2 sin(x) + 3 > sin²(x)
0 > sin²(x) - 2 sin(x) - 3
0 > (sin(x) - 3) (sin(x) + 1)
The right side is 0 when either
sin(x) - 3 = 0 or sin(x) + 1 = 0
sin(x) = 3 or sin(x) = -1
The first case offers no real solutions, so we're left with
sin(x) = -1
which happens for
x = -π/2 + 2nπ
where n is any integer.
In the interval 0 ≤ x ≤ 2π, the expression is 0 for x = 3π/2 (when n = 1). So check the sign of the expression when x is picked from two different intervals:
• If 0 ≤ x < 3π/2, then sin(x) - 3 < 0 and sin(x) + 1 > 0, so their product sin²(x) - 2 sin(x) - 3 < 0.

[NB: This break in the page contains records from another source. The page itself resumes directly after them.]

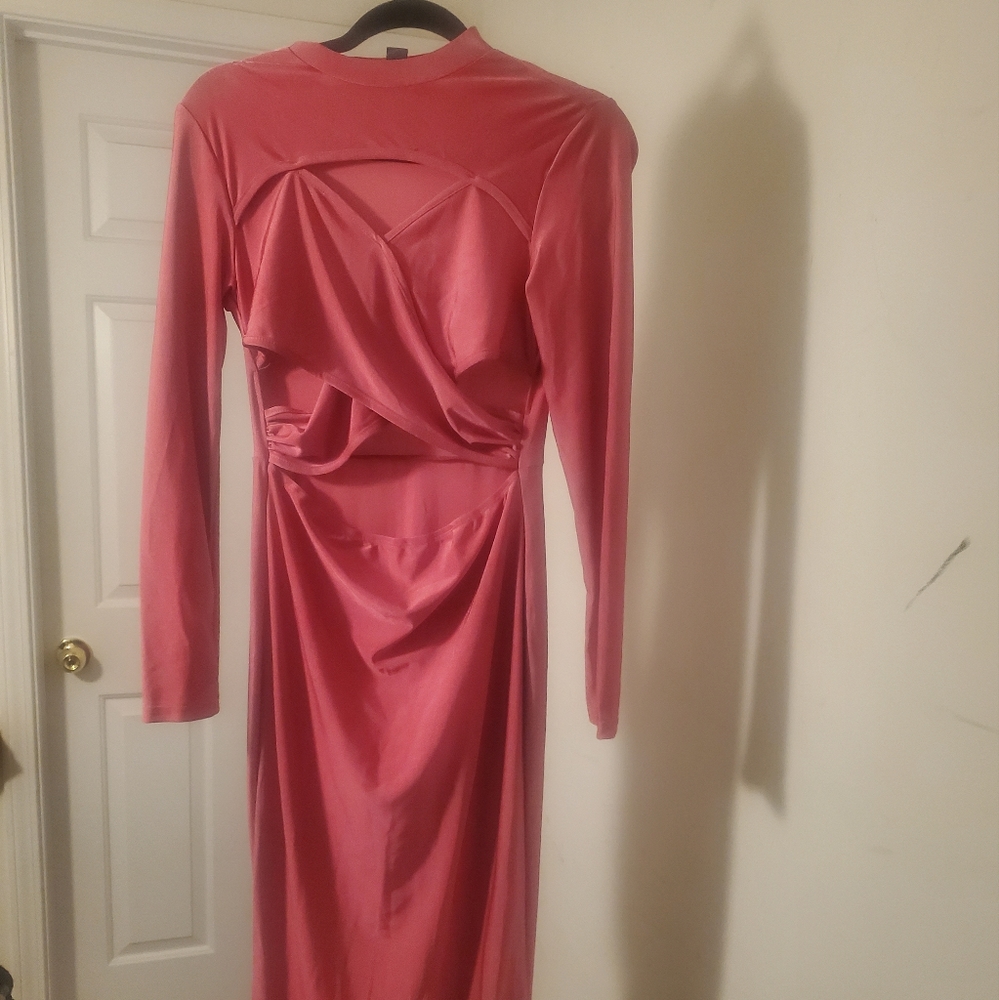 Pink shein cut out dress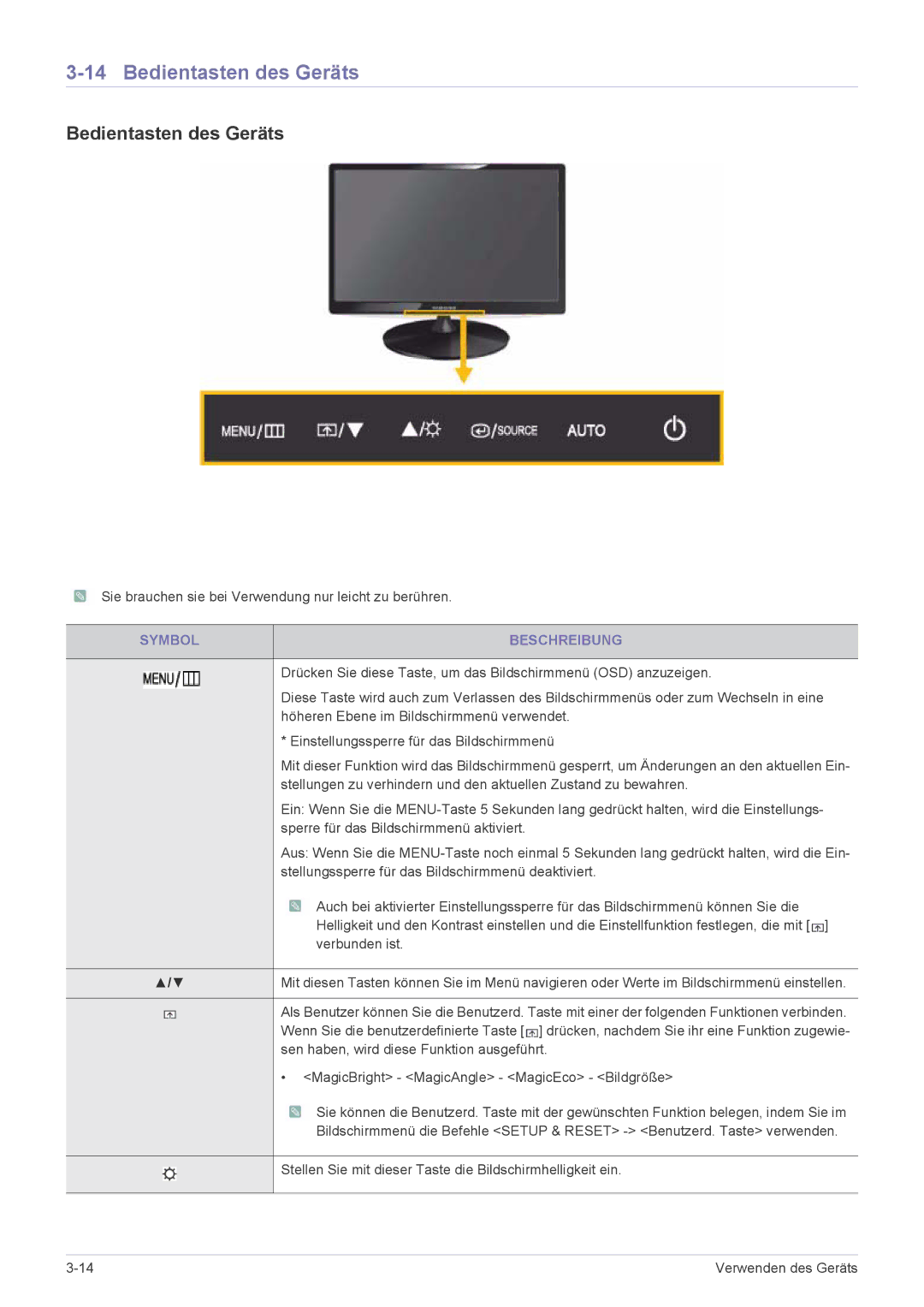 Samsung LS22PUKKF/EN, LS23PUHKFV/EN, LS20PUZKF/EN, LS22PUYKFHEN, LS23PUHKF/EN Bedientasten des Geräts, Symbol Beschreibung 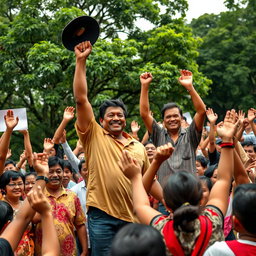 An outdoor scene depicting a powerful moment of unity and protest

• If 3π/2 < x ≤ 2π, then sin(x) - 3 < 0 and sin(x) + 1 > 0, so the product is again negative.
In both cases, sin²(x) - 2 sin(x) - 3 < 0, so we have the solution set
0 ≤ x < 3π/2 and 3π/2 < x ≤ 2π
Another way to arrive at the same conclusion:
0 > sin²(x) - 2 sin(x) - 3
Recall the half-angle identity for sin:
sin²(x) = (1 - cos(2x))/2
So we have
0 > (1 - cos(2x))/2 - 2 sin(x) - 3
0 > -cos(2x) - 4 sin(x) - 7
0 < cos(2x) + 4 sin(x) + 7
Both sin(x) and cos(x) are bounded between -1 and 1. If they are both minimized, so that cos(2x) = sin(x) = -1, then the right side is at least
-1 + 4(-1) + 7 = 2
so the inequality holds for all x in the interval, except for x = 3π/2.